PROBLEM DETAILS
The copy you return must begin at the line containing "Правительство одобрило экспортные" and end at the final line of the listing below, with every picture left out.
-------- DATA TO EXAMINE --------
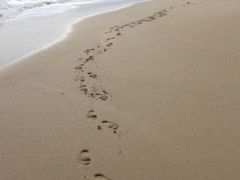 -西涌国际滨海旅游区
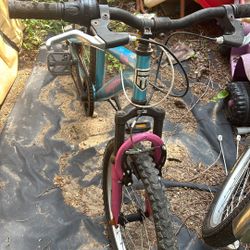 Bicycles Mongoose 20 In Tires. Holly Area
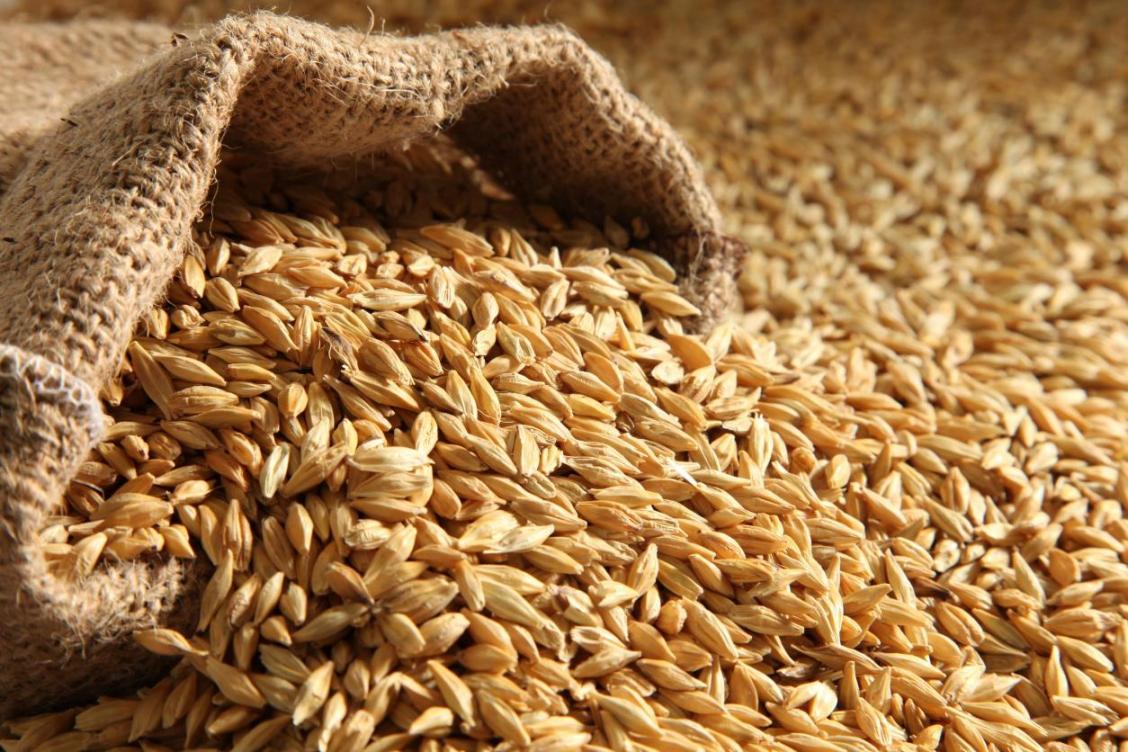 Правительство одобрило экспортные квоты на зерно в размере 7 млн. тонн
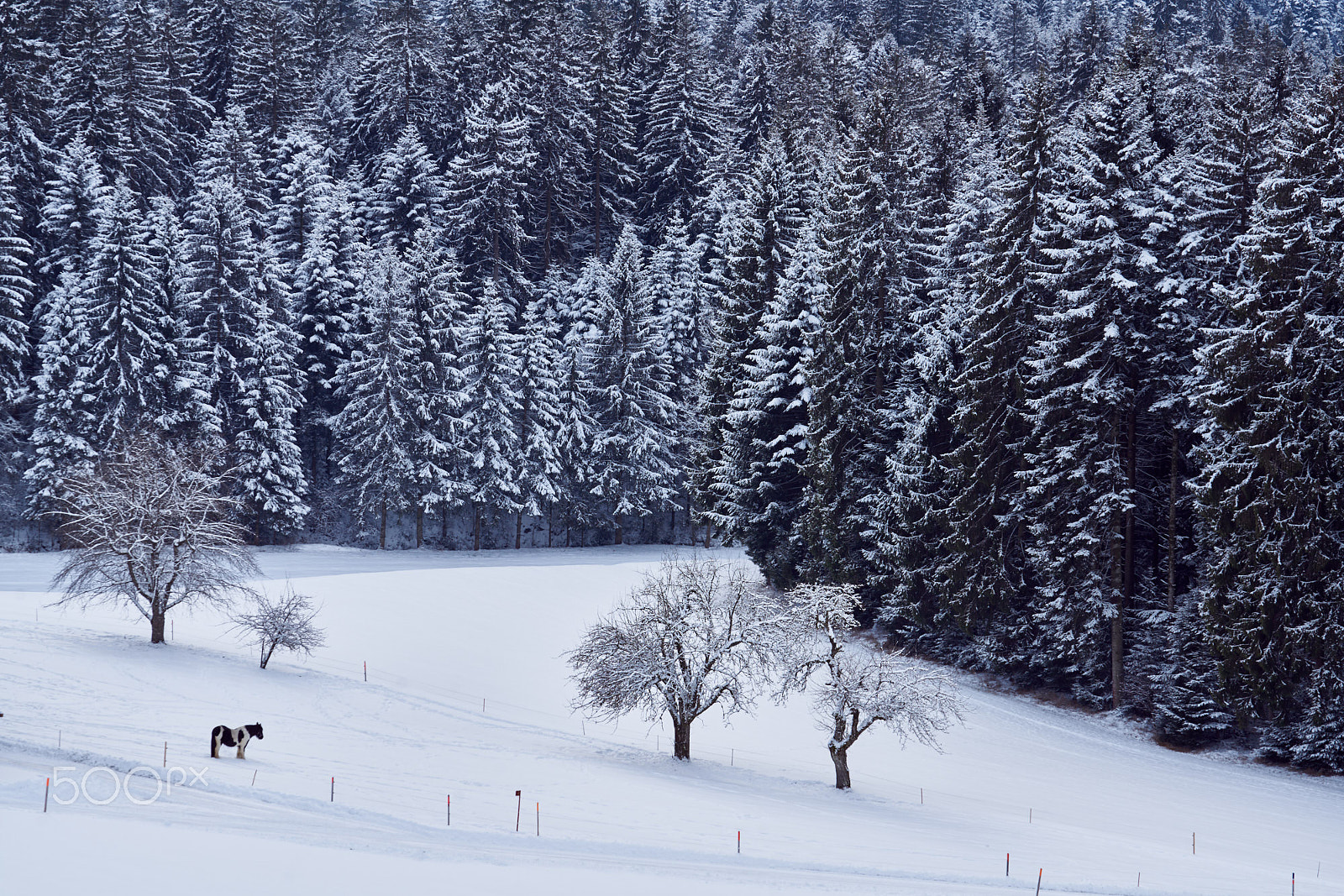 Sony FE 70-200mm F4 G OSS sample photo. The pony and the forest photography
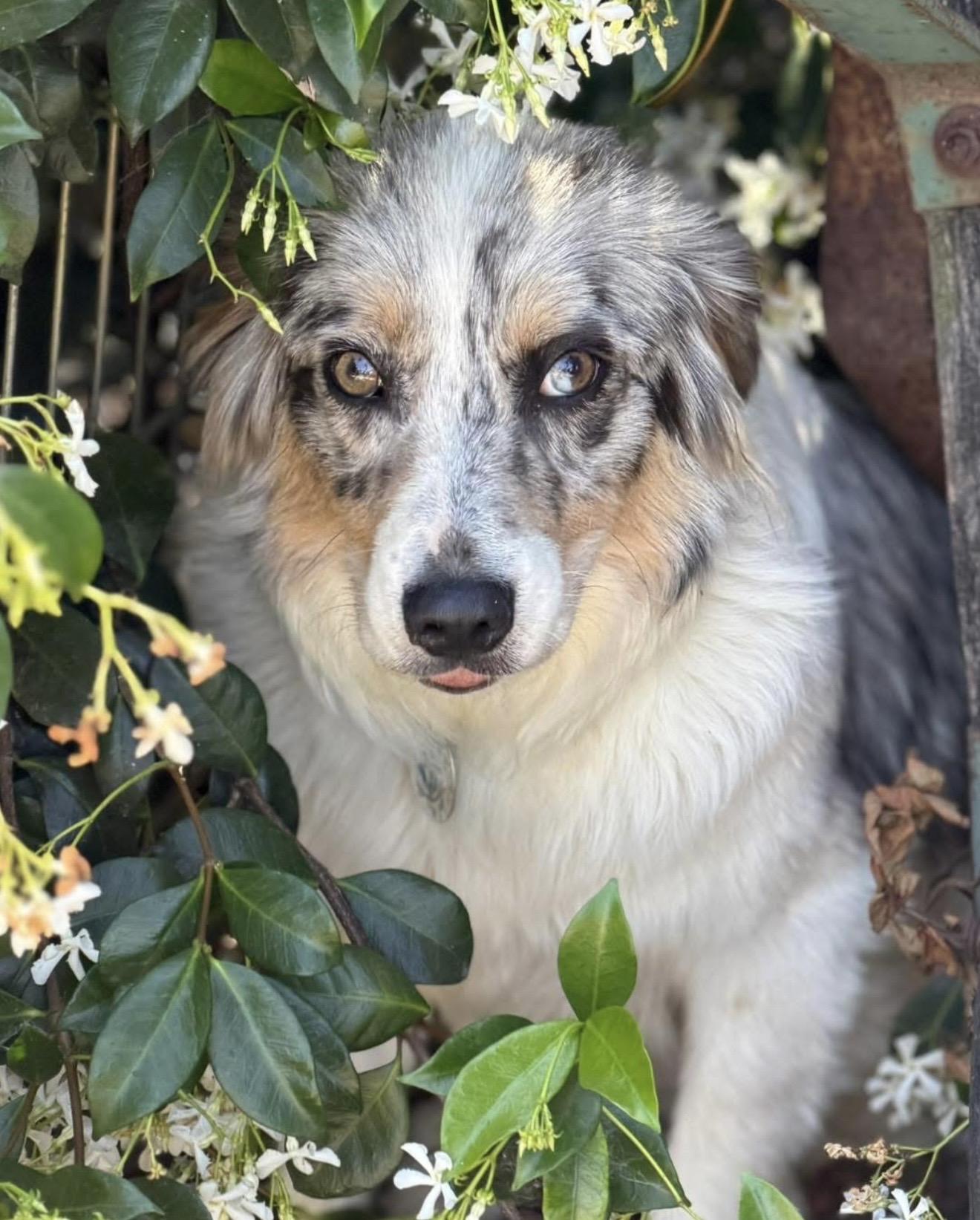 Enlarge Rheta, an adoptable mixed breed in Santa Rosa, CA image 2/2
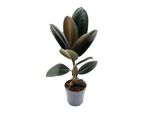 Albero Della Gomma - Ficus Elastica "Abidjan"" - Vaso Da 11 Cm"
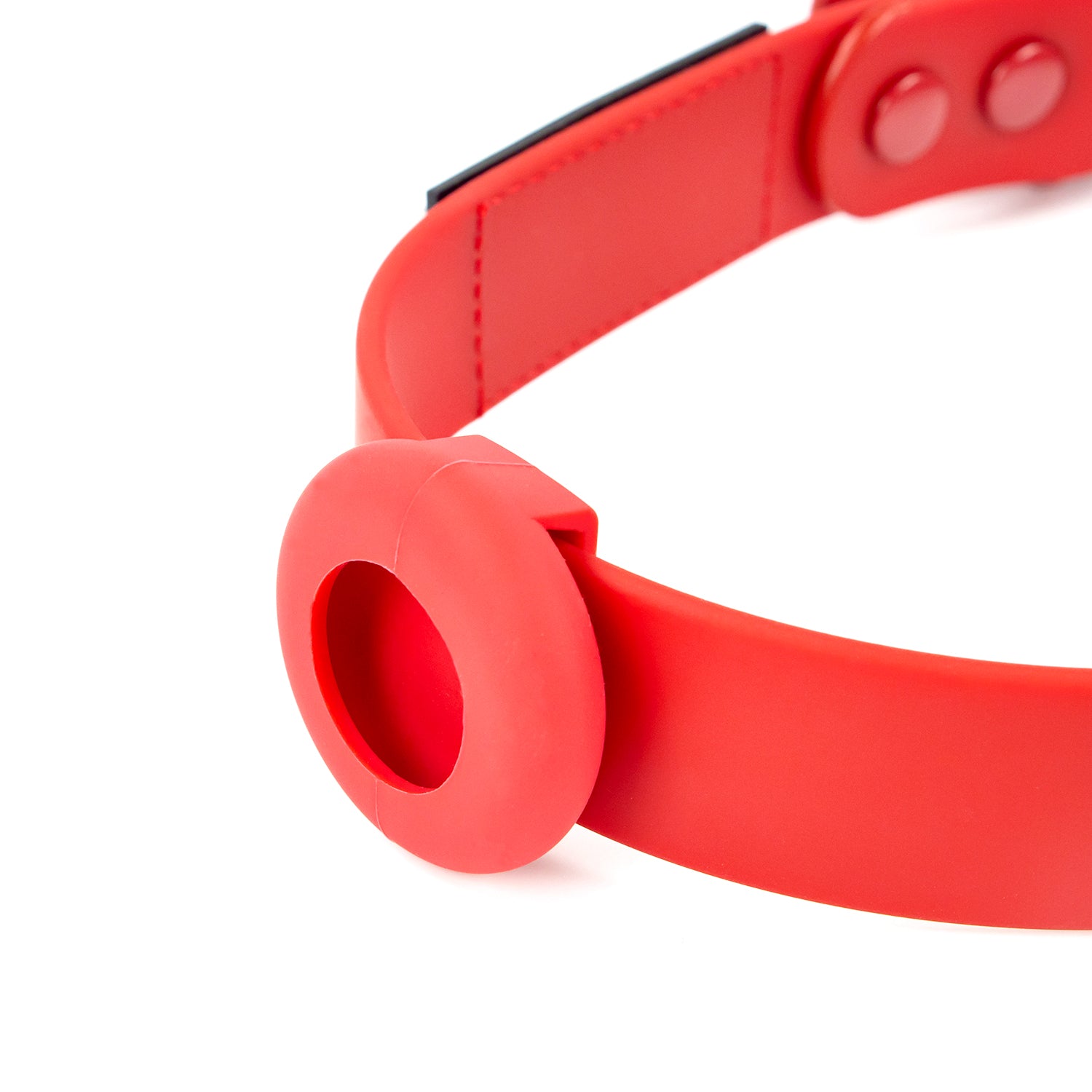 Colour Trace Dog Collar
--------
WORKED SOLUTION
 Правительство одобрило экспортные квоты на зерно в размере 7 млн. тонн
 Sony FE 70-200mm F4 G OSS sample photo. The pony and the forest photography
 Enlarge Rheta, an adoptable mixed breed in Santa Rosa, CA image 2/2
 Albero Della Gomma - Ficus Elastica "Abidjan"" - Vaso Da 11 Cm"
 Colour Trace Dog Collar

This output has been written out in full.